──────── Data in this exercise

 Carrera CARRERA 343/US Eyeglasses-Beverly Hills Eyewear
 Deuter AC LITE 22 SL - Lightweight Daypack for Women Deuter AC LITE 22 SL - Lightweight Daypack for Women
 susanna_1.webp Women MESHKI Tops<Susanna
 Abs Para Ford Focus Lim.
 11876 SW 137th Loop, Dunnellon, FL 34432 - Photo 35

────────────────
──────── Data in this exercise

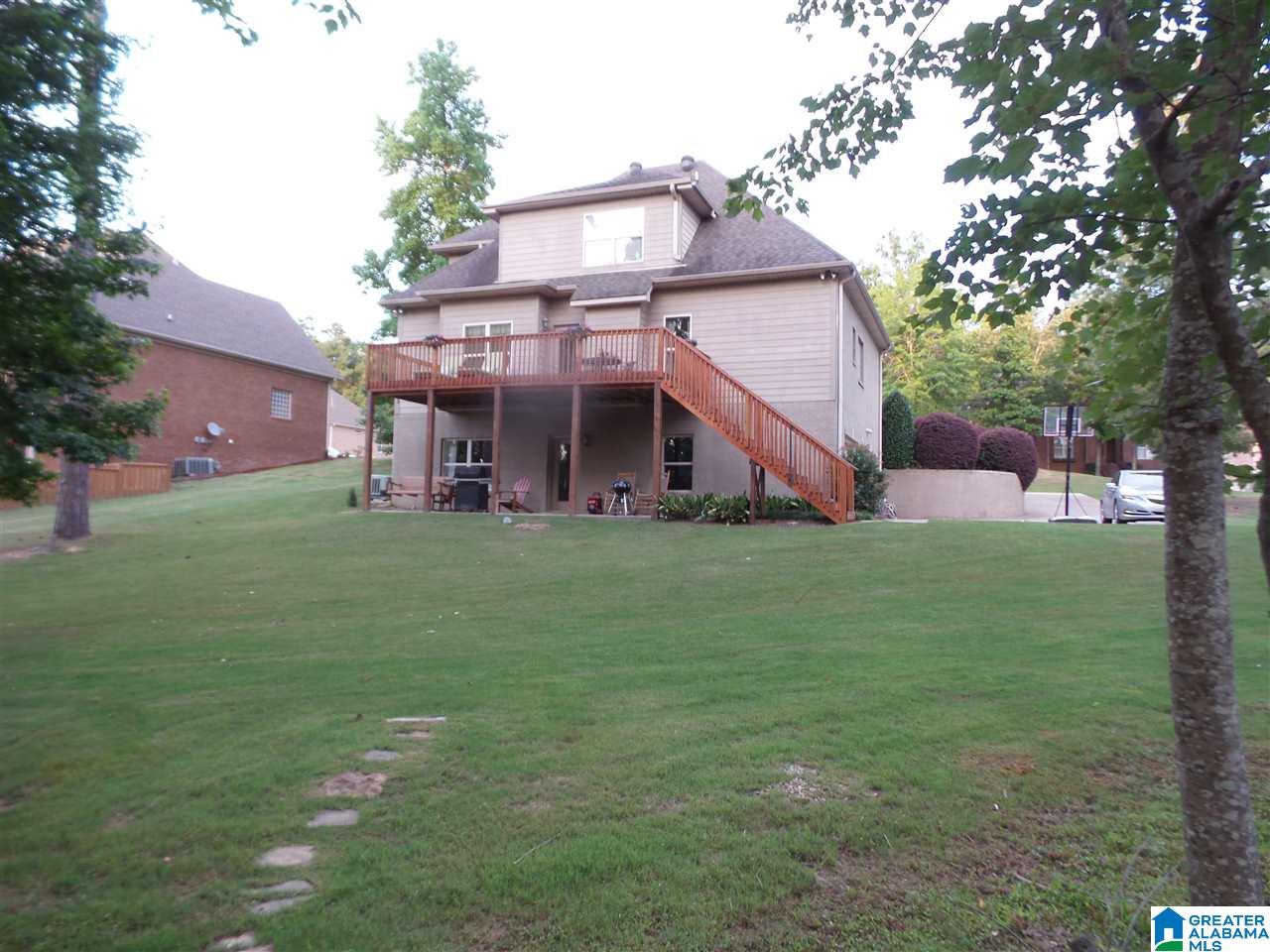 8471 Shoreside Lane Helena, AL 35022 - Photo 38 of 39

────────────────
──────── Data in this exercise

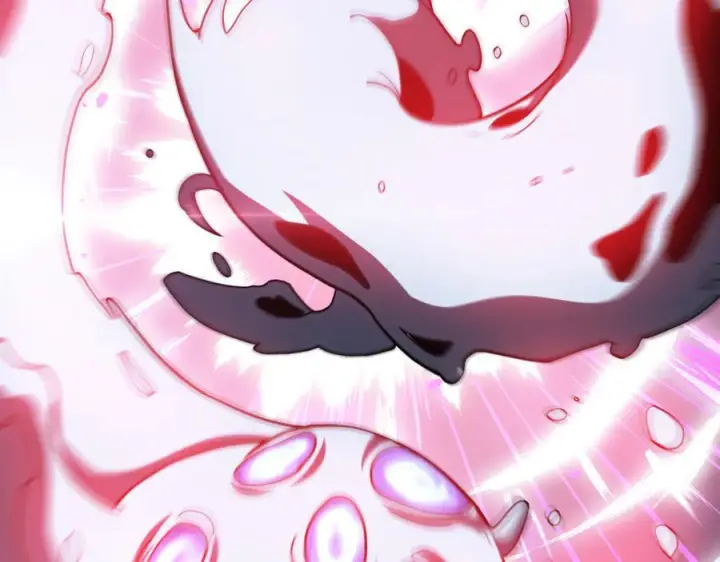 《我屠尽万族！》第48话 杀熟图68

────────────────

● Problem description:
Out of the data above, set down the lines from the one with "Carrera CARRERA 343/US" to the one with "Abs Para Ford Focus Lim.", both included, exactly as written and with no additions.

● Exercise answer:
 Carrera CARRERA 343/US Eyeglasses-Beverly Hills Eyewear
 Deuter AC LITE 22 SL - Lightweight Daypack for Women Deuter AC LITE 22 SL - Lightweight Daypack for Women
 susanna_1.webp Women MESHKI Tops<Susanna
 Abs Para Ford Focus Lim.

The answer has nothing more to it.